Sala da commissão, 9 de abril de 1867. = Conde de Fornos de Algodres = Visconde de Seabra = Alberto Antonio de Moraes Carvalho = Rodrigo de Castro Menezes Pita. PROPOSTAS

Proponho que se nomeie uma commissão especial de cinco membros, para que, depois de um detido exame sobre a lei de 11 de abril de 1845, e reconhecida a sua inefficacia e defeitos para se conseguir o alto fim a que se propoz, apresente a esta camara um projecto de lei que tenda a estabelecer:

1.° As categorias, dentro das quaes se póde exercer á attribuição designada no artigo 74.° § 1.° da carta constitucional.

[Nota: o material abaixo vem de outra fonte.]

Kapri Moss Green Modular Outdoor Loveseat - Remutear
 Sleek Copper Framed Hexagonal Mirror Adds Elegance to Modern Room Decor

2.° Os termos precisos e requisitos indispensaveis para que, na esphera do direito hereditario, se fixe e determine a capacidade successoria. = Silva Cabral.

Proponho que a moção de ordem do digno par, o sr. Silva Cabral, seja remettida a uma commissão para sobre ella dar o seu parecer. = Visconde de Chancelleiros.

Approvada em sessão de 8 de fevereiro de 1867. Á commissão de legislação.

O sr. Presidente: — Tem a palavra o sr. Silva Cabral.

O sr. Silva Cabral: — Sr. presidente, pertenço á commissão de legislação, e presidi á sessão em que se tratou d'este objecto; e se não venho assignado n'este parecer facilmente se comprehenderá, notando a maneira honrosa com que os meus dignos collegas entenderam, dever referir-se á minha pessoa. Fico aqui, porque me não esquecerei jamais que laus in ore proprio envilescit (apoiados).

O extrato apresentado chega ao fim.